Georgetown University’s Newspaper of Record since 1920

The Hoya

Georgetown University’s Newspaper of Record since 1920

The Hoya

Georgetown University’s Newspaper of Record since 1920

The Hoya

Peer Schools Seek to Curb Smoking; Georgetown Stalls

About 500 campuses in the United States are now smoke-free, but Georgetown does not look to be joining their ranks in the near future.

Yale University plans to survey faculty and students this month about their support for the ban, according to The Yale Daily News, leading the debate among peer universities about the possibility of tightening their smoking policies.

Georgetown is not a smoke-free campus and has no plans to instate a ban, according to Director of Media Relations Rachel Pugh.

“At Georgetown, we are committed to maintaining an environment that is reasonably free from tobacco smoke,” Pugh said. “While there are no current plans to change this policy on the main campus, we are continuing to explore new ways of promoting a culture of wellness at Georgetown.”

While Georgetown has yet to take further action regarding its current smoking policies, some faculty would like to see the university follow its peer institutions into stricter regulations.

“Smoke-free environments will be a reality soon. Starting this on college campuses, where minds are being formed, makes sense to me,” biology professor Maria Donoghue said.

Though Georgetown is not a smoke-free campus, the university does have smoking restrictions in order to promote the health and safety of students, faculty and staff, Pugh said. These include a prohibition on smoking in all indoor locations on campus, which has been in place since the 1980s.

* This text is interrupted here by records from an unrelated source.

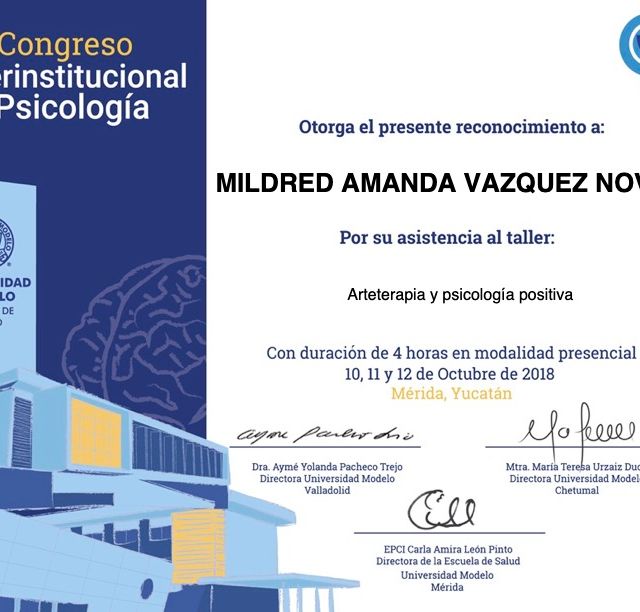 Ampliar imagen: certificate 4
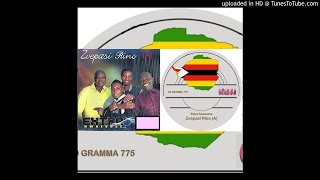 Franco Slomo - Thelma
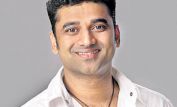 Devi Sri Prasad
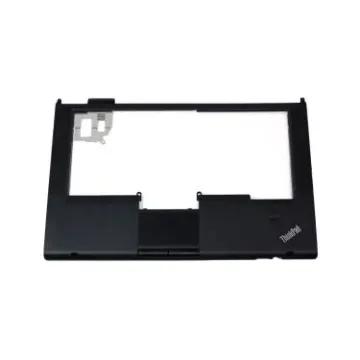 60Y4955 IBM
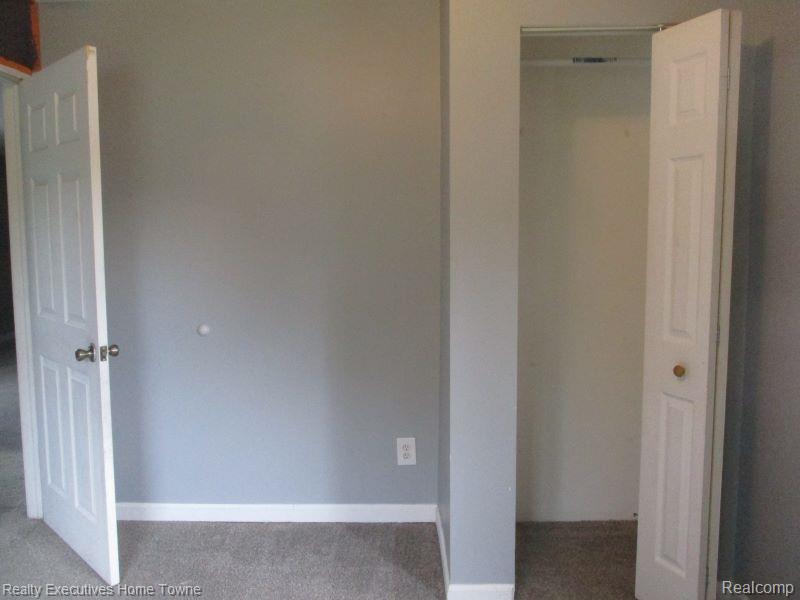4595 Griswold Road, Kimball, MI — Photo 18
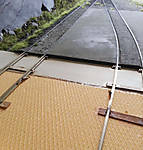 571520200425_154012_b.jpg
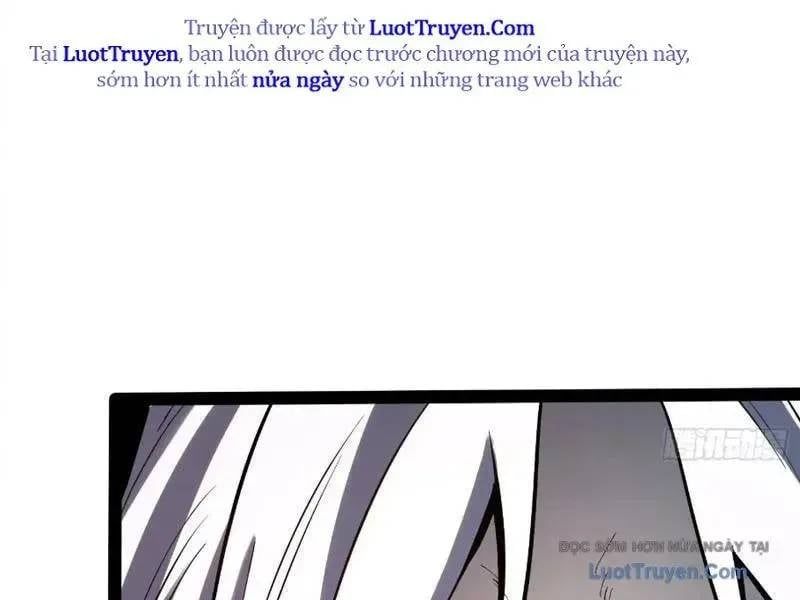 đọc truyện Toàn Năng Giác Tỉnh Sư Chương 41 ảnh 124 tại Thiên Thai Truyện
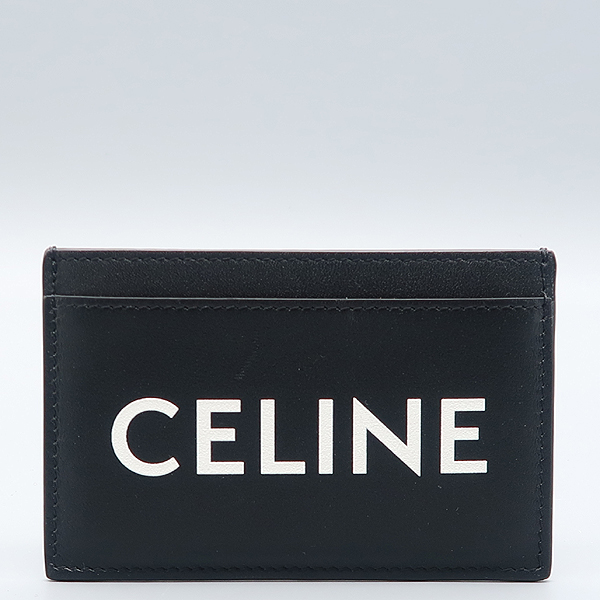 Celine() 10B703DMF   ΰ ī [] ̹2 - ̺ ߰ǰ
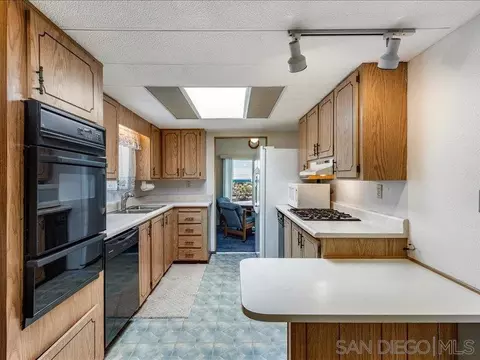 1815 Sweetwater Rd #51, Spring Valley, CA 91977 photo 13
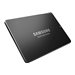 [Wiederaufbereitet] Samsung SM863a MZ7KM480HMHQ - Solid-State-Disk - 480 GB - intern - 2.5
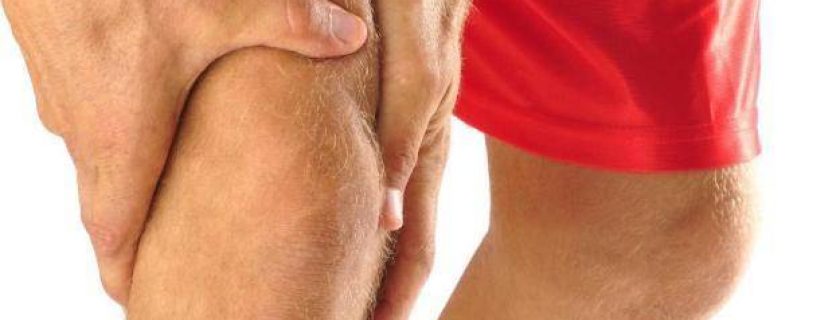 Quando não é aconselhável fazer exercício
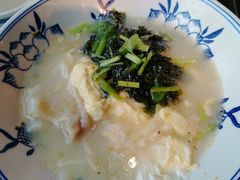 -天津卫码头(南开大悦城店)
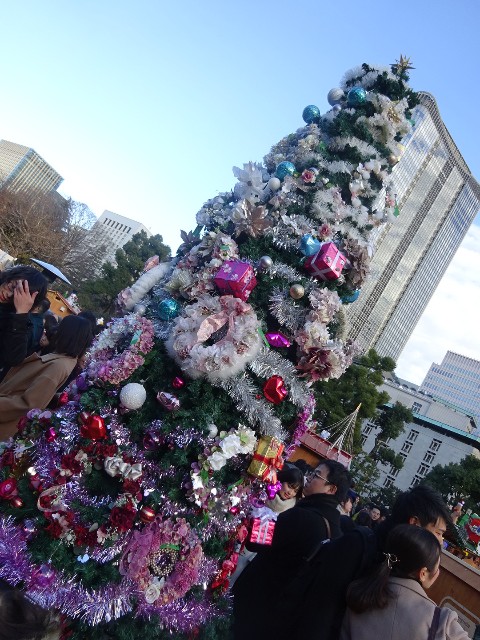 f:id:chiichii555:20181224225643j:image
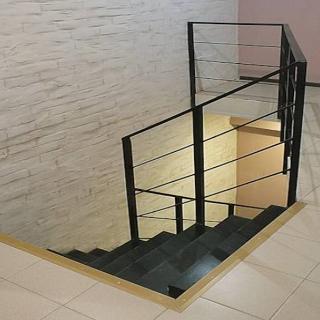 Imagen general del Hotel Asti Rooms. Foto 18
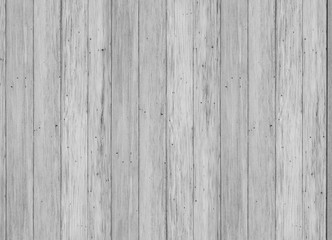 Fototapeta na wymiar Woods board background. Painted wood wall for interior design background. Painted wood wall for interior design background. Product showcase empty room.Creative design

The university allows smoking only in designated areas that are at least 25 feet from building entrances, outdoor air intakes and windows, according to Pugh.

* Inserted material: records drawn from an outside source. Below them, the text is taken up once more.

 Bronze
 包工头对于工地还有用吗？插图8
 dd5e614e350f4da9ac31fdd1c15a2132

There is a fear that the bans would infringe upon individual liberties, according to The Daily Pennsylvanian, but government professor Richard Boyd said that a university ban on smoking would not infringe upon the rights of students and employees.

“The university is no different from any other place of business — say, an office, restaurant, or hotel. Like any other private association, the university is free to establish terms of usage or conduct on their property or within their workplace,” Boyd said. “If patrons or employees don’t like these terms of service or policies, the assumption is that they are free to eat, stay or work elsewhere.”

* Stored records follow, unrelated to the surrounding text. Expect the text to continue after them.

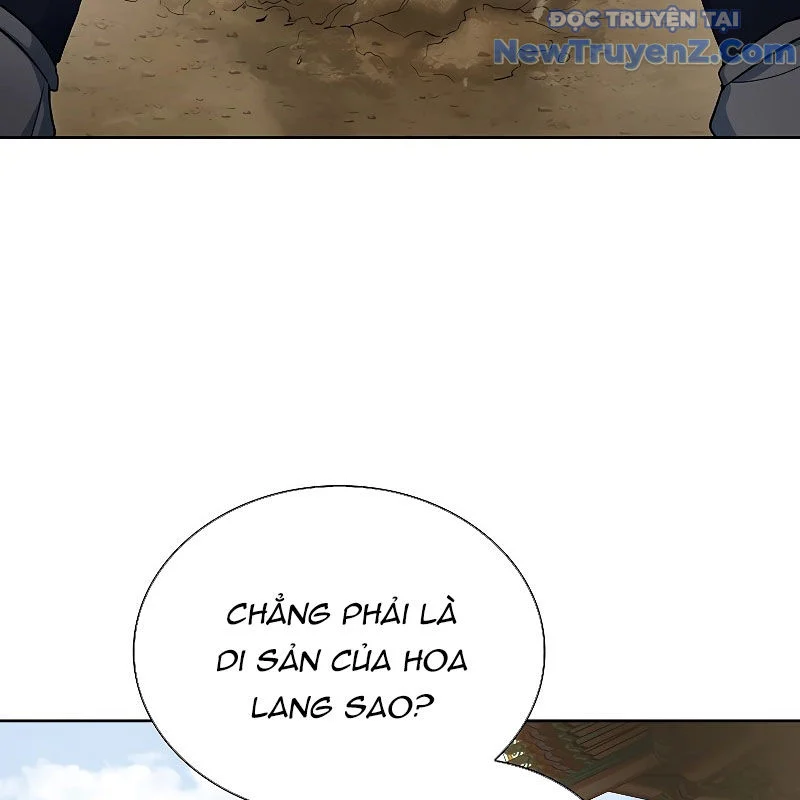 Trấn Hồn Kí Chapter 13 - Trang 3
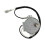 Dependable 50TYZ E Synchronous Motor For Ice Cream Machines 6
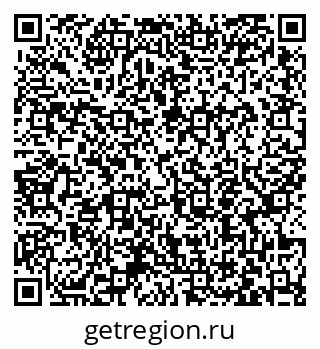 79063457995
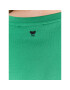 Weekend Max Mara Тишърт Polka 23597102 Зелен Regular Fit - Pepit.bg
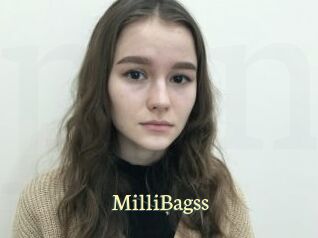 MilliBagss
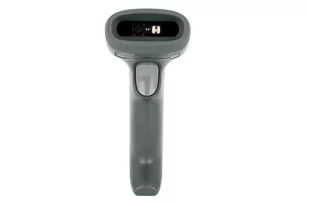 Honeywell Voyager 1350g 2D, multi-IF, kit (USB) 1350G2D-2USB-1-R - Akcesoria do kas i terminali - miniaturka - grafika 1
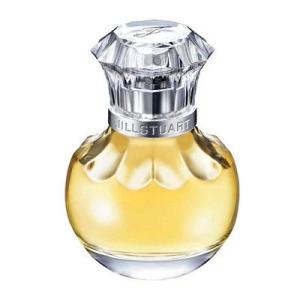 JILL STUART ジルスチュアート ヴァニララストオードパルファン 30ml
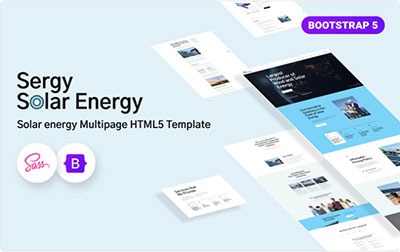 agencia desarrollo web software a la medida marketing digital Cogua Cundinamarca colombia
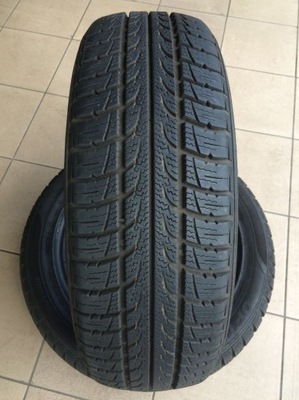 Kumho Solus Vier KH21 - milautoparts-fr.ukrlive.com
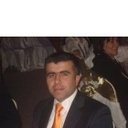 Kemal Çatal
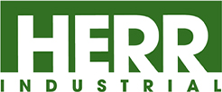 HERR Industrial, Inc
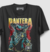 Camiseta Pantera - comprar online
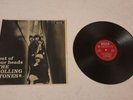 THE ROLLING STONES OUT OF OUR HEADS 1ST PRESS 1965 UK LP DECCA MONO
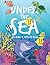 Under The Sea Coloring & Ac...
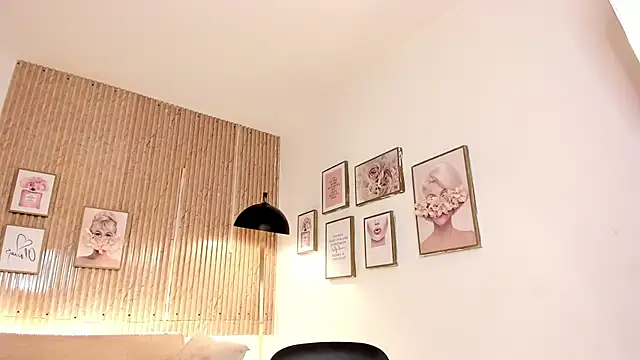 Eliz_jane live sex cam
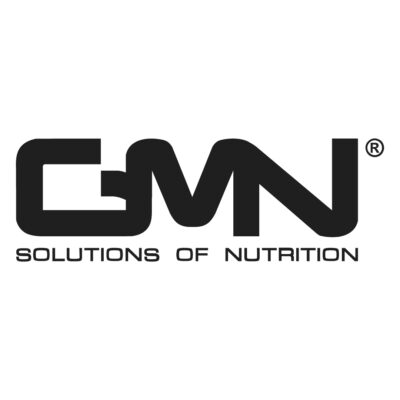GMN
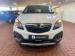 Opel Mokka X 1.4 Turbo Enjoy - Thumbnail 2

Government professor Stephen Wayne agreed that Georgetown would be entitled to impose such a smoking ban.

“The university can impose rules on the grounds that aren’t necessarily applicable to everyone in the District,” he said. “A ban does limit autonomy, but in a way, given what we know scientifically about smoke, that is beneficial for society.”

According to a 2006 American Lung Association report, almost 20 percent of college students were smokers at the time. At that time, the organization urged colleges to ban smoking on campuses.

If a ban were to be implemented, however, it could potentially deter students from coming to the university. Wayne said that it could have a greater impact on the enrollment decisions of international students, given the greater recreational uses of cigarettes in other cultures and societies.